- Born: 24 May 1879 Conwy, Wales
- Died: 26 August 1967 (aged 88)
- Awards: IEEE Medal of Honor (1939)
- Scientific career
- Fields: Electrical engineering

= Albert G. Lee =

British radio pioneer

Lieutenant Colonel Sir Albert George Lee MC (24 May 1879 – 26 August 1967) was a British radio pioneer.

Lee was born in Conwy, Wales, and in 1903 entered the General Post Office Engineering Service, where he designed and tested submarine and other cables. In World War I he served in the Royal Engineers (Signal Service) commanding a telegraph construction company, and later was Officer-in-Charge, General Headquarters Signal Area. In 1920 Lee became involved with radios, and soon became Staff Engineer in charge of the radio section of the General Post Office. He was associated with the development of a coupled circuit arc, the Rugby, Warwickshire high-power station, and the transatlantic telephone and shortwave telephone service.

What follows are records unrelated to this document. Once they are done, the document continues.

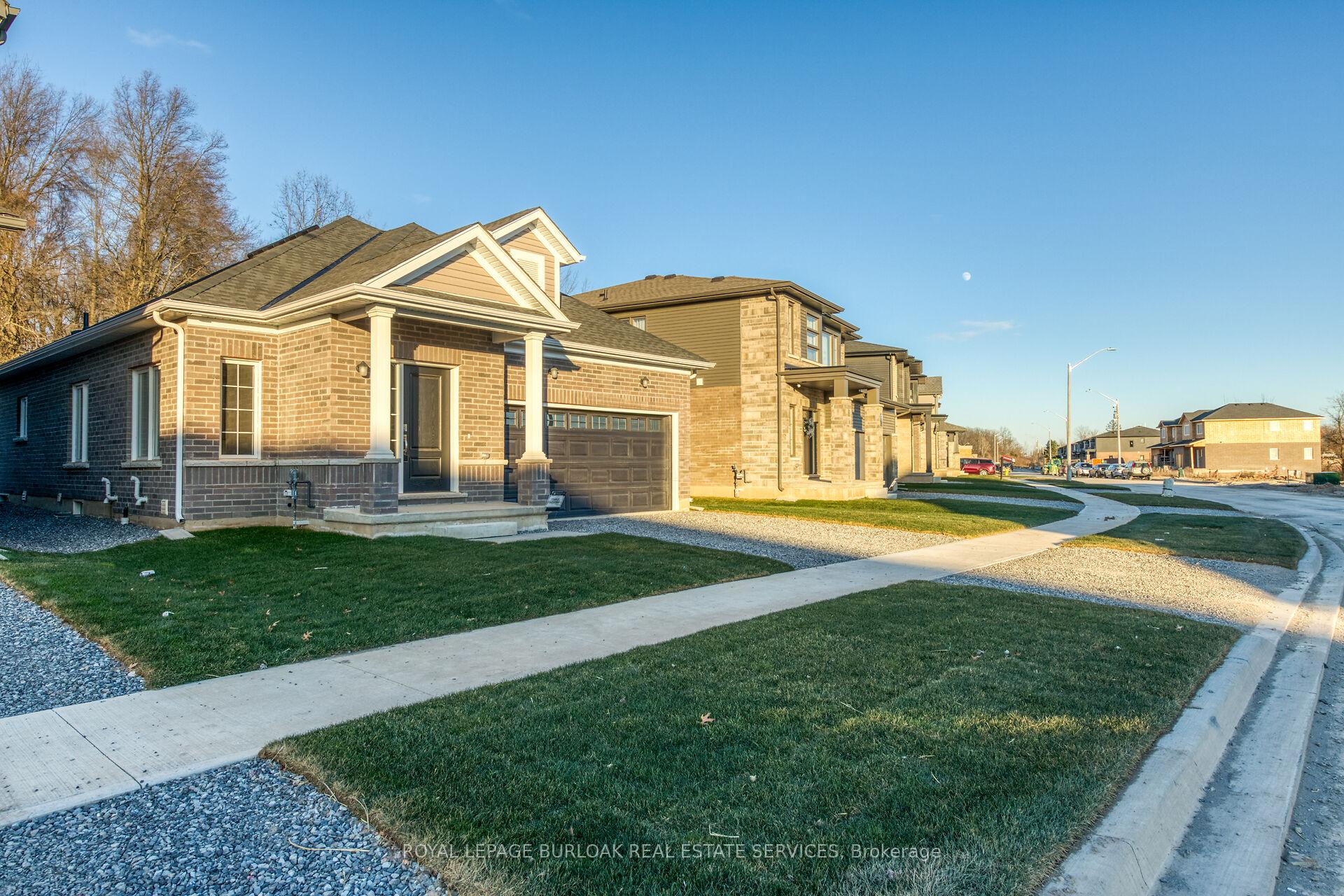 Photo 1 of 35 Willson Drive, Thorold, Hurricane/Merrittville — HOMEH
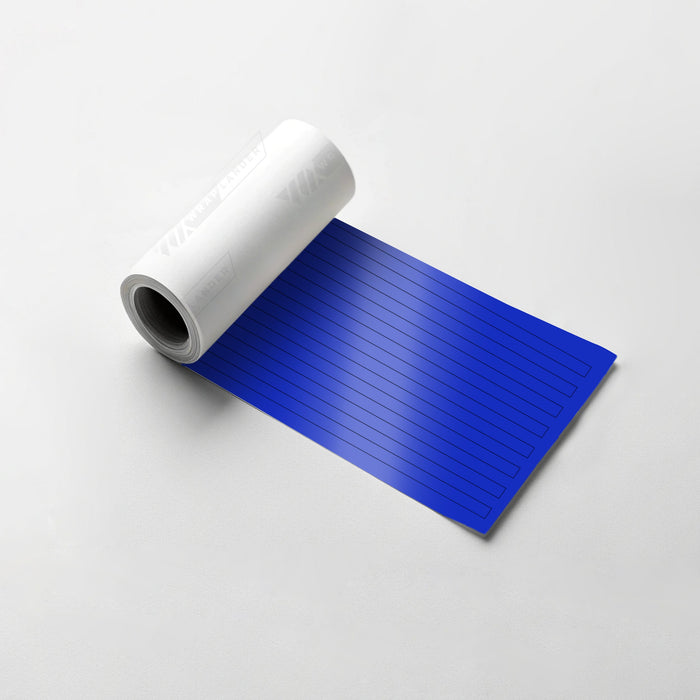 Wraplander DIY Topography Vinyl Wrap Accent/Booster Kit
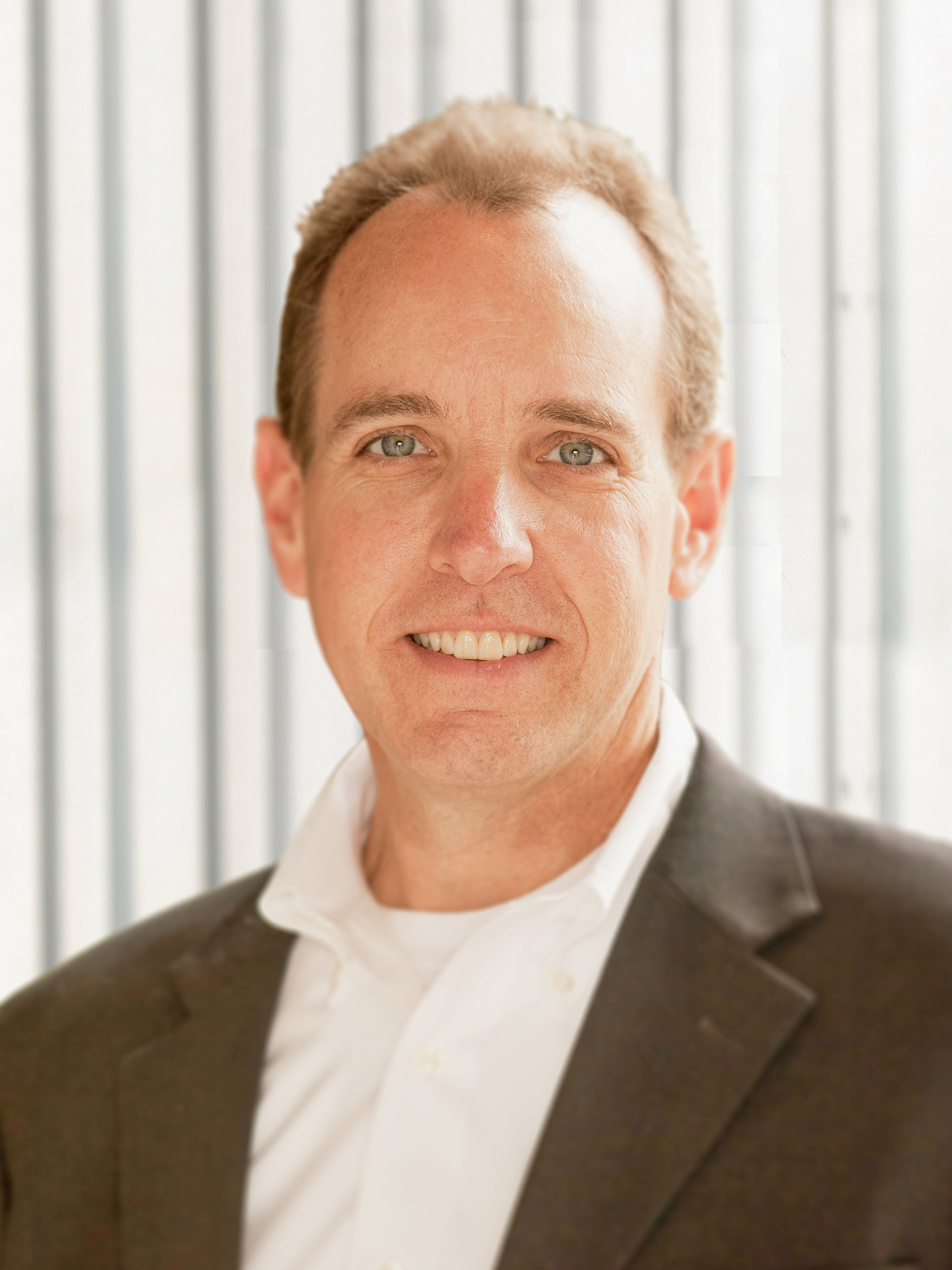 Darren Riddock The Crew - UP Partners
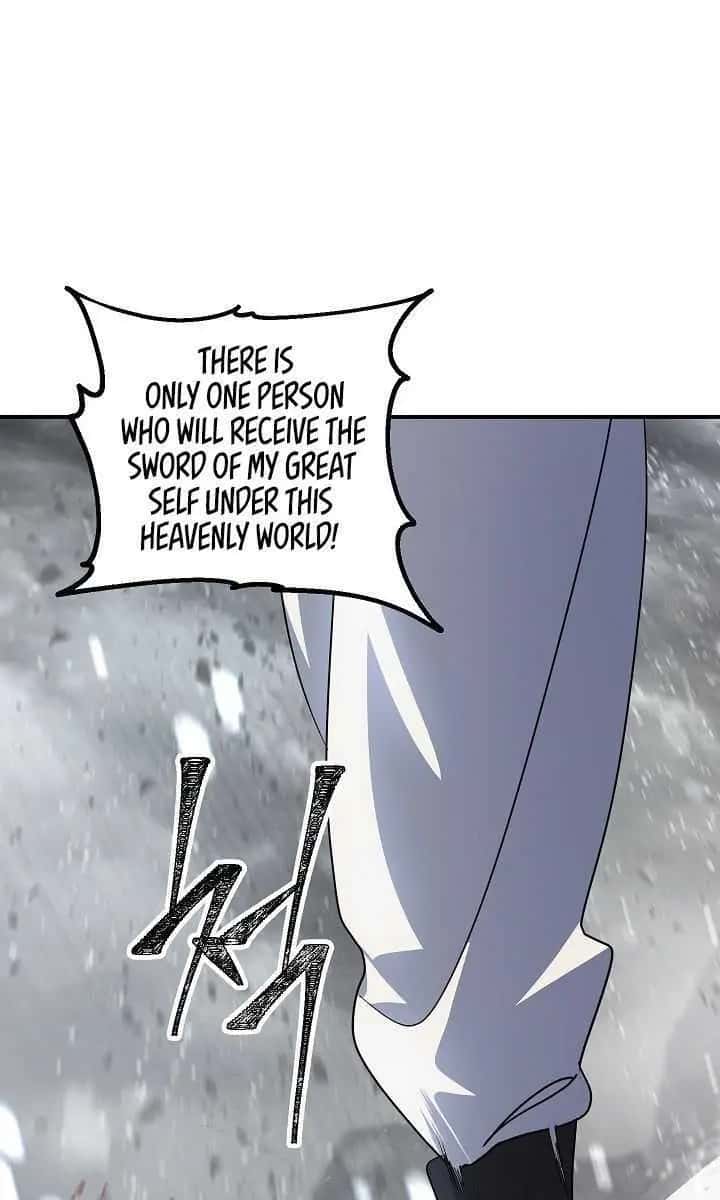 SSS Class Revival Hunter Chapter 74 Page 68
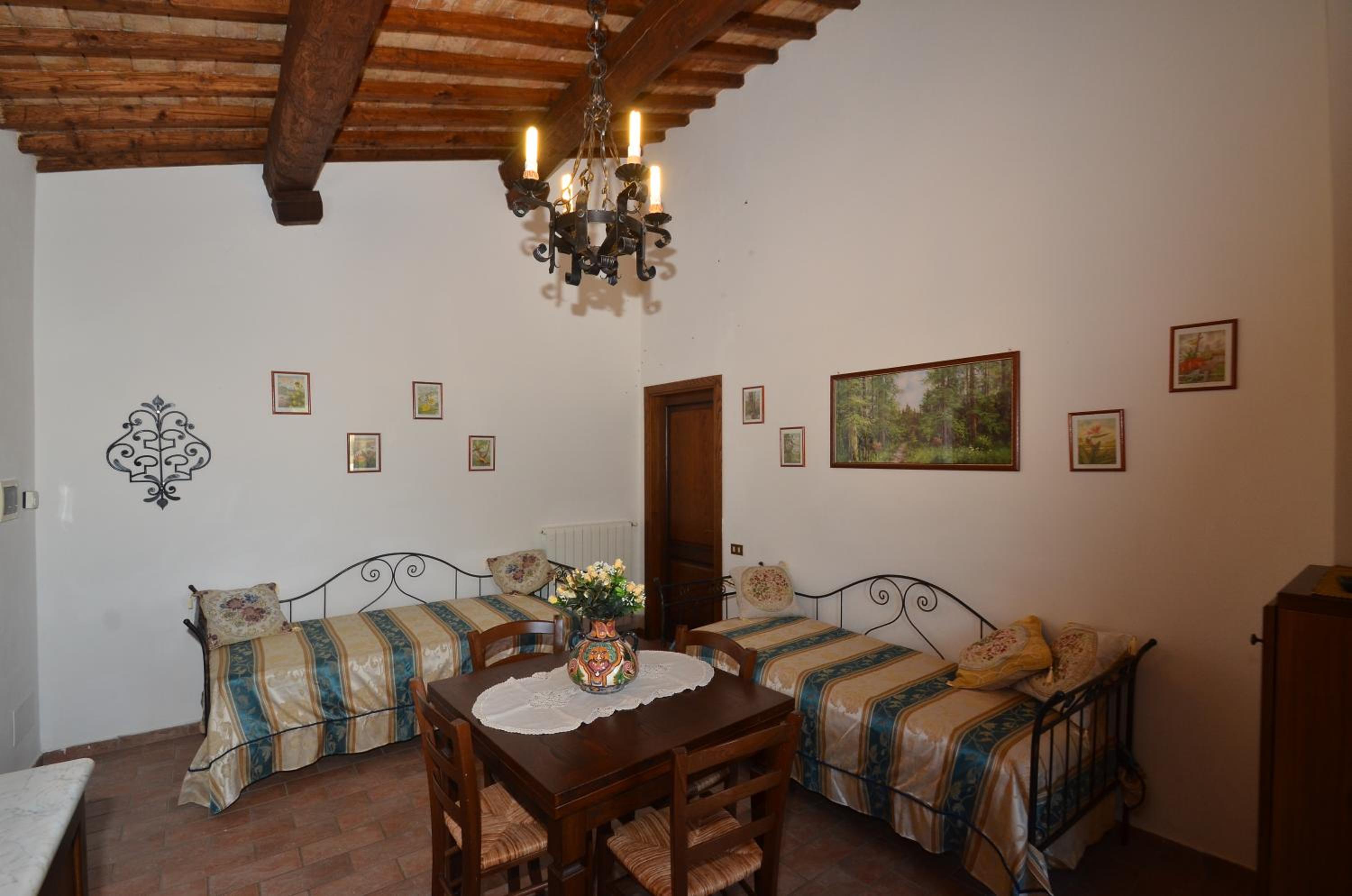 Agriturismo Sant'Angelo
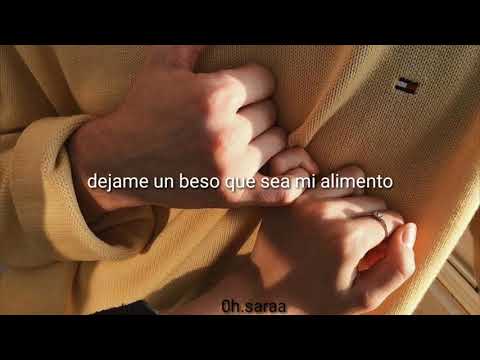 Dejame un beso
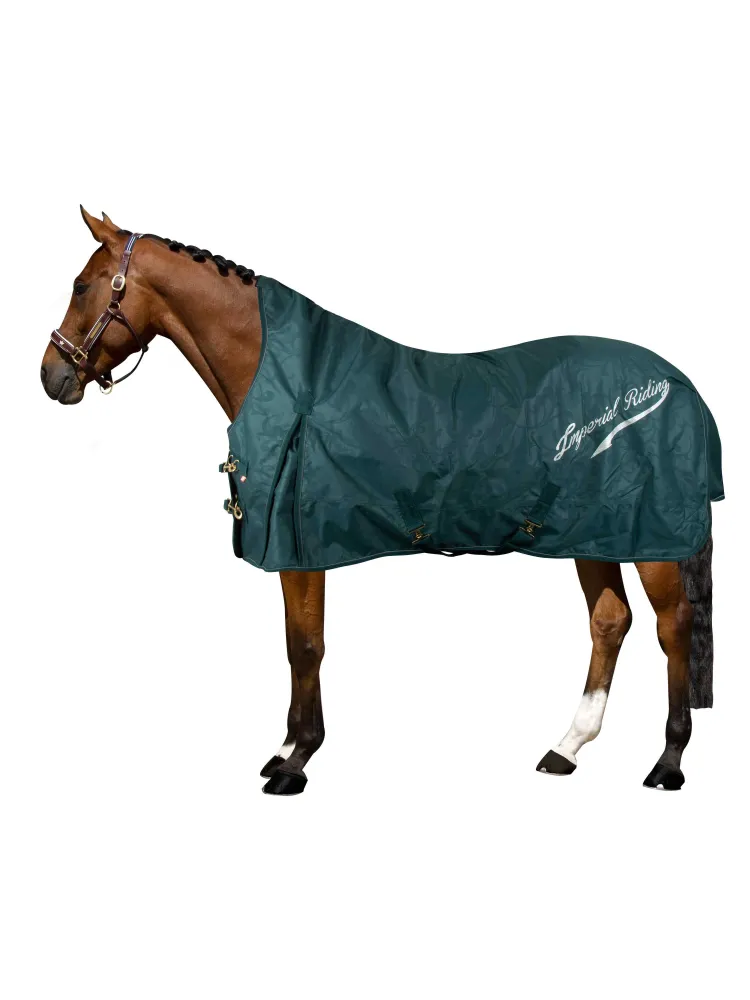 Turnout rug Super-dry 300g 600D Imperial Riding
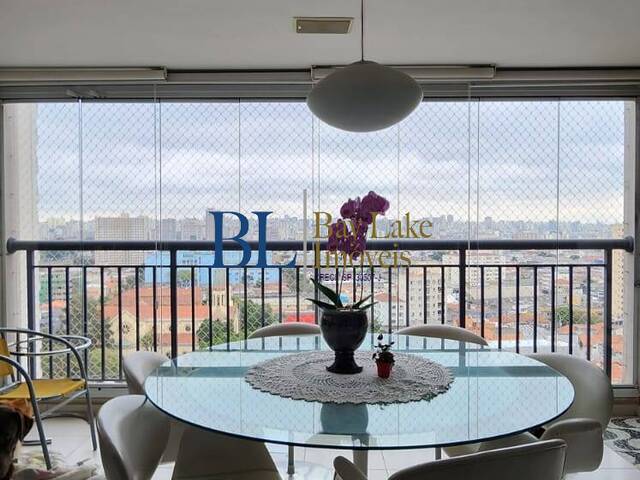 #AP1194A - Apartamento para Venda em São Paulo - SP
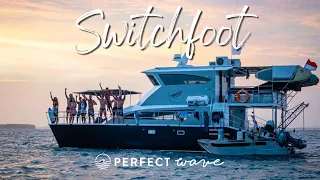 Switchfoot Mentawai Surf Charter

Lee was a member of the Institution of Electrical Engineers, and chaired its Wireless Section from 1927 to 1928. He was elected a Fellow of the Institute of Radio Engineers in 1929, knighted in the 1937 New Year Honours and awarded the IRE Medal of Honor in 1939 "for his accomplishments in promoting international radio services and in fostering advances in the art and science of radio communication."